* _Task to carry out_
Transcribe, exactly and without pictures, the lines below from the line with "VeeFriends UNO eBay Sales" to the line with "サンダル 「APOM」本革パデットダブルストラップサンダル レディース", both ends included, and no others.

* _Entries provided_
══════════════════════════════

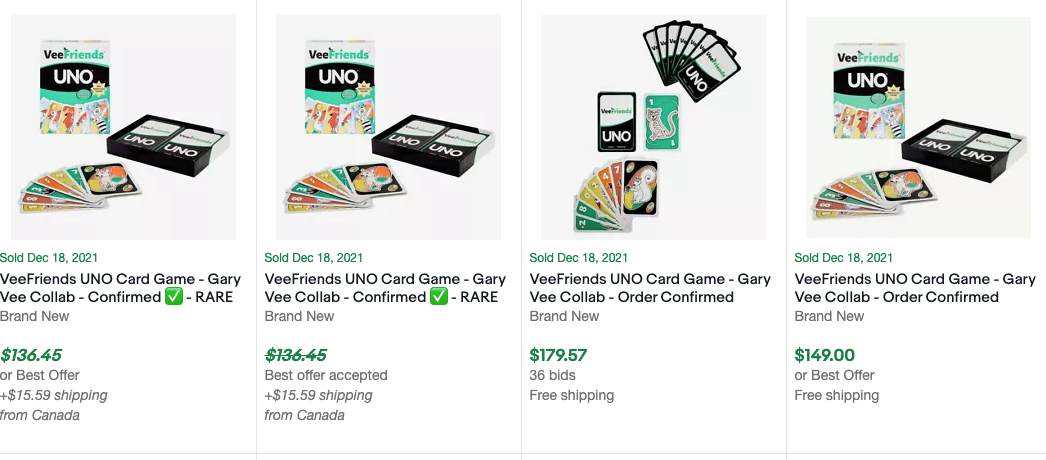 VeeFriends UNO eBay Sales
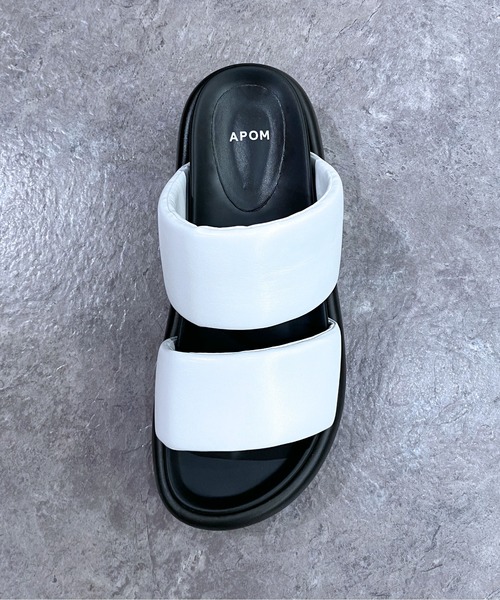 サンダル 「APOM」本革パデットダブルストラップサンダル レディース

══════════════════════════════

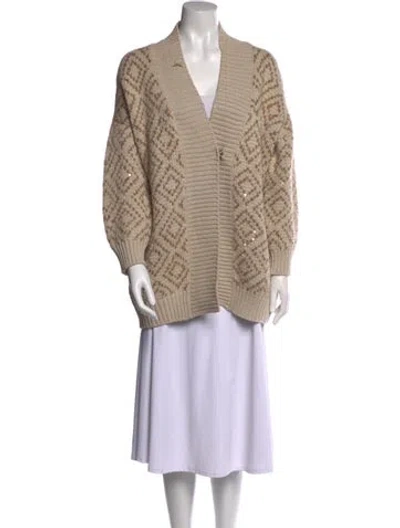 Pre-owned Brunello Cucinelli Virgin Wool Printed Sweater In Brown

══════════════════════════════

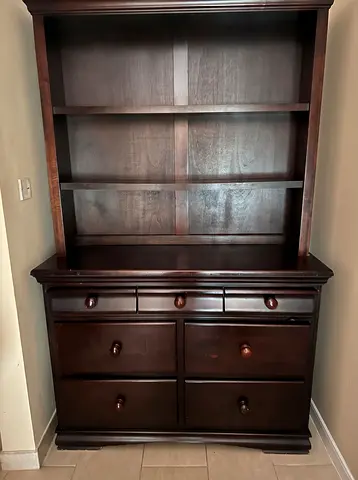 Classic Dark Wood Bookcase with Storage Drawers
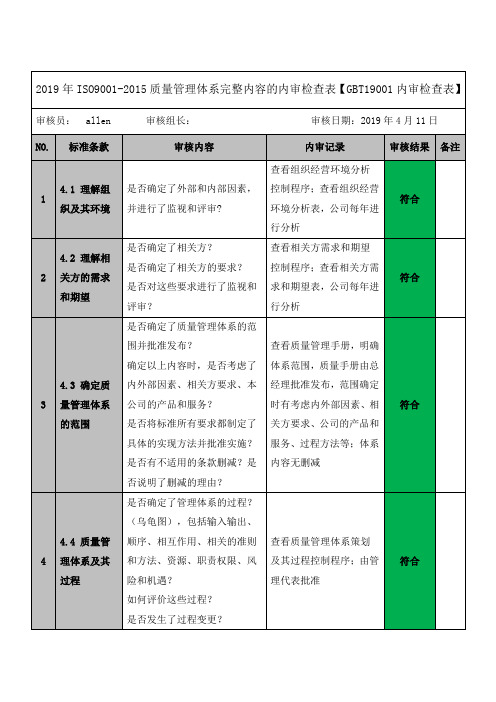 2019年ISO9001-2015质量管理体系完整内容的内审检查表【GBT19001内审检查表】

══════════════════════════════

* _Response to this task_
 VeeFriends UNO eBay Sales
 サンダル 「APOM」本革パデットダブルストラップサンダル レディース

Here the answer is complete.